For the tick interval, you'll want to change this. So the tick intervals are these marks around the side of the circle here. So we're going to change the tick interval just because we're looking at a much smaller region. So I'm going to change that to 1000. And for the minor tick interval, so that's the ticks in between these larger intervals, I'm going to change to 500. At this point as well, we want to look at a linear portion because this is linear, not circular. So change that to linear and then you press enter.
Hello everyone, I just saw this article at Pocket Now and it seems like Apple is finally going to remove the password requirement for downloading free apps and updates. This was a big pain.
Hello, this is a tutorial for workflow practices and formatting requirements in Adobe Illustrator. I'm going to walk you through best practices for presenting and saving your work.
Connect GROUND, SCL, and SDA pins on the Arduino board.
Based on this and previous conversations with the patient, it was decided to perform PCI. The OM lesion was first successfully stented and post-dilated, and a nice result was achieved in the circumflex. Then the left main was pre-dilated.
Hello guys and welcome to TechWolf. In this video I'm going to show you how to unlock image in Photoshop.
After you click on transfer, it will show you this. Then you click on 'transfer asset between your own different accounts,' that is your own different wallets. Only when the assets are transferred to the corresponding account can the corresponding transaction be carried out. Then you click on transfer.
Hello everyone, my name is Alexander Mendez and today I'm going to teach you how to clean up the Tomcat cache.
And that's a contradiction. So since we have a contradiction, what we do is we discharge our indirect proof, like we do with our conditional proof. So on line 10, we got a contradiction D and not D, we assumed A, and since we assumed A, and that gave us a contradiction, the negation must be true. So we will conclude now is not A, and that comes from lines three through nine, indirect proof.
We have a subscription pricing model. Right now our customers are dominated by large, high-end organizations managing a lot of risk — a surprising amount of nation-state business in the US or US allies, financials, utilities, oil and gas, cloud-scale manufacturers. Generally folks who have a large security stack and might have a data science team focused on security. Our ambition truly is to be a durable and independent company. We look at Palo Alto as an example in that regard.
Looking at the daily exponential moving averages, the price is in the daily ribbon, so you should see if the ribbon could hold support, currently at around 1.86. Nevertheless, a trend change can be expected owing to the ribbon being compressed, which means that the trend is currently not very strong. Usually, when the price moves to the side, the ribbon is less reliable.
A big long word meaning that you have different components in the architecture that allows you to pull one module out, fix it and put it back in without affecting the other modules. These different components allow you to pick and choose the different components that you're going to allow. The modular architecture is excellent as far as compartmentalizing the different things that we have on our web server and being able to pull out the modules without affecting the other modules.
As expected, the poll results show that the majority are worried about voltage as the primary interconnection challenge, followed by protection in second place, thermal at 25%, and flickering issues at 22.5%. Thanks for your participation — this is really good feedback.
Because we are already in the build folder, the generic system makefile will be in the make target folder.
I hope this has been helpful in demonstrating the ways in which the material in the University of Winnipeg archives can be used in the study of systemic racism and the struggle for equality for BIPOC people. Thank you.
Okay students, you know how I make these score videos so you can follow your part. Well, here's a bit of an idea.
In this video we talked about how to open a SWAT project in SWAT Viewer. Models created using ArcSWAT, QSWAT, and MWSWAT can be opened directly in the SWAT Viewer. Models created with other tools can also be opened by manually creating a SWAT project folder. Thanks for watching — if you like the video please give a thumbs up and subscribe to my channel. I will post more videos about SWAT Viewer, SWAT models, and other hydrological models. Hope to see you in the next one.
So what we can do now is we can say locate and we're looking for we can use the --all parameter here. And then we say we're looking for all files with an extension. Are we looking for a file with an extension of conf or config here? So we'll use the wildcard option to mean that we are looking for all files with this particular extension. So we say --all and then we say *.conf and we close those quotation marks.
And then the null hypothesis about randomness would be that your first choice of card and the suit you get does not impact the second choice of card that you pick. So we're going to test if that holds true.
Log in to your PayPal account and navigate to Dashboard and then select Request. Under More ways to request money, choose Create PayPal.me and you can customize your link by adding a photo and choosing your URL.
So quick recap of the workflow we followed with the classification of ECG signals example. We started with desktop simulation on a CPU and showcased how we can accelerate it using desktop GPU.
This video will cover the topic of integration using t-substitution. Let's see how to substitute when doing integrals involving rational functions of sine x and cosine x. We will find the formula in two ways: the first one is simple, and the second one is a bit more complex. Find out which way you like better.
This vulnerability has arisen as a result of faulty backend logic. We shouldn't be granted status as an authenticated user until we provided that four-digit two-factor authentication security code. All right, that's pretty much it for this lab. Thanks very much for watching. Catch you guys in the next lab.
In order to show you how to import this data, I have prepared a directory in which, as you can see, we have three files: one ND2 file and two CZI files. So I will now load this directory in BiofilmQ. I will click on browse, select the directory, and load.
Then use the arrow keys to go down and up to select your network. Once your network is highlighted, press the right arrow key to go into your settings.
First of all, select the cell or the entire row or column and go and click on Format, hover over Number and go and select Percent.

Description of the task » Write the material out again in its entirety, exactly as shown.

Task output »
For the tick interval, you'll want to change this. So the tick intervals are these marks around the side of the circle here. So we're going to change the tick interval just because we're looking at a much smaller region. So I'm going to change that to 1000. And for the minor tick interval, so that's the ticks in between these larger intervals, I'm going to change to 500. At this point as well, we want to look at a linear portion because this is linear, not circular. So change that to linear and then you press enter.
Hello everyone, I just saw this article at Pocket Now and it seems like Apple is finally going to remove the password requirement for downloading free apps and updates. This was a big pain.
Hello, this is a tutorial for workflow practices and formatting requirements in Adobe Illustrator. I'm going to walk you through best practices for presenting and saving your work.
Connect GROUND, SCL, and SDA pins on the Arduino board.
Based on this and previous conversations with the patient, it was decided to perform PCI. The OM lesion was first successfully stented and post-dilated, and a nice result was achieved in the circumflex. Then the left main was pre-dilated.
Hello guys and welcome to TechWolf. In this video I'm going to show you how to unlock image in Photoshop.
After you click on transfer, it will show you this. Then you click on 'transfer asset between your own different accounts,' that is your own different wallets. Only when the assets are transferred to the corresponding account can the corresponding transaction be carried out. Then you click on transfer.
Hello everyone, my name is Alexander Mendez and today I'm going to teach you how to clean up the Tomcat cache.
And that's a contradiction. So since we have a contradiction, what we do is we discharge our indirect proof, like we do with our conditional proof. So on line 10, we got a contradiction D and not D, we assumed A, and since we assumed A, and that gave us a contradiction, the negation must be true. So we will conclude now is not A, and that comes from lines three through nine, indirect proof.
We have a subscription pricing model. Right now our customers are dominated by large, high-end organizations managing a lot of risk — a surprising amount of nation-state business in the US or US allies, financials, utilities, oil and gas, cloud-scale manufacturers. Generally folks who have a large security stack and might have a data science team focused on security. Our ambition truly is to be a durable and independent company. We look at Palo Alto as an example in that regard.
Looking at the daily exponential moving averages, the price is in the daily ribbon, so you should see if the ribbon could hold support, currently at around 1.86. Nevertheless, a trend change can be expected owing to the ribbon being compressed, which means that the trend is currently not very strong. Usually, when the price moves to the side, the ribbon is less reliable.
A big long word meaning that you have different components in the architecture that allows you to pull one module out, fix it and put it back in without affecting the other modules. These different components allow you to pick and choose the different components that you're going to allow. The modular architecture is excellent as far as compartmentalizing the different things that we have on our web server and being able to pull out the modules without affecting the other modules.
As expected, the poll results show that the majority are worried about voltage as the primary interconnection challenge, followed by protection in second place, thermal at 25%, and flickering issues at 22.5%. Thanks for your participation — this is really good feedback.
Because we are already in the build folder, the generic system makefile will be in the make target folder.
I hope this has been helpful in demonstrating the ways in which the material in the University of Winnipeg archives can be used in the study of systemic racism and the struggle for equality for BIPOC people. Thank you.
Okay students, you know how I make these score videos so you can follow your part. Well, here's a bit of an idea.
In this video we talked about how to open a SWAT project in SWAT Viewer. Models created using ArcSWAT, QSWAT, and MWSWAT can be opened directly in the SWAT Viewer. Models created with other tools can also be opened by manually creating a SWAT project folder. Thanks for watching — if you like the video please give a thumbs up and subscribe to my channel. I will post more videos about SWAT Viewer, SWAT models, and other hydrological models. Hope to see you in the next one.
So what we can do now is we can say locate and we're looking for we can use the --all parameter here. And then we say we're looking for all files with an extension. Are we looking for a file with an extension of conf or config here? So we'll use the wildcard option to mean that we are looking for all files with this particular extension. So we say --all and then we say *.conf and we close those quotation marks.
And then the null hypothesis about randomness would be that your first choice of card and the suit you get does not impact the second choice of card that you pick. So we're going to test if that holds true.
Log in to your PayPal account and navigate to Dashboard and then select Request. Under More ways to request money, choose Create PayPal.me and you can customize your link by adding a photo and choosing your URL.
So quick recap of the workflow we followed with the classification of ECG signals example. We started with desktop simulation on a CPU and showcased how we can accelerate it using desktop GPU.
This video will cover the topic of integration using t-substitution. Let's see how to substitute when doing integrals involving rational functions of sine x and cosine x. We will find the formula in two ways: the first one is simple, and the second one is a bit more complex. Find out which way you like better.
This vulnerability has arisen as a result of faulty backend logic. We shouldn't be granted status as an authenticated user until we provided that four-digit two-factor authentication security code. All right, that's pretty much it for this lab. Thanks very much for watching. Catch you guys in the next lab.
In order to show you how to import this data, I have prepared a directory in which, as you can see, we have three files: one ND2 file and two CZI files. So I will now load this directory in BiofilmQ. I will click on browse, select the directory, and load.
Then use the arrow keys to go down and up to select your network. Once your network is highlighted, press the right arrow key to go into your settings.
First of all, select the cell or the entire row or column and go and click on Format, hover over Number and go and select Percent.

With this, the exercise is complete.